_About this task_
Each record below should be written out again exactly.

(Web page caption snippets)
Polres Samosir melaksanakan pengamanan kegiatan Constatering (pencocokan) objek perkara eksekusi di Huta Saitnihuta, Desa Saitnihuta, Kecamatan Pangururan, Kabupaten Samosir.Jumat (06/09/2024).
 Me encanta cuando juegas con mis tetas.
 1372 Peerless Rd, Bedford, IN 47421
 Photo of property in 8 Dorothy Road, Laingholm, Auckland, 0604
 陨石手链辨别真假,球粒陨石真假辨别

_Response_
Polres Samosir melaksanakan pengamanan kegiatan Constatering (pencocokan) objek perkara eksekusi di Huta Saitnihuta, Desa Saitnihuta, Kecamatan Pangururan, Kabupaten Samosir.Jumat (06/09/2024).
 Me encanta cuando juegas con mis tetas.
 1372 Peerless Rd, Bedford, IN 47421
 Photo of property in 8 Dorothy Road, Laingholm, Auckland, 0604
 陨石手链辨别真假,球粒陨石真假辨别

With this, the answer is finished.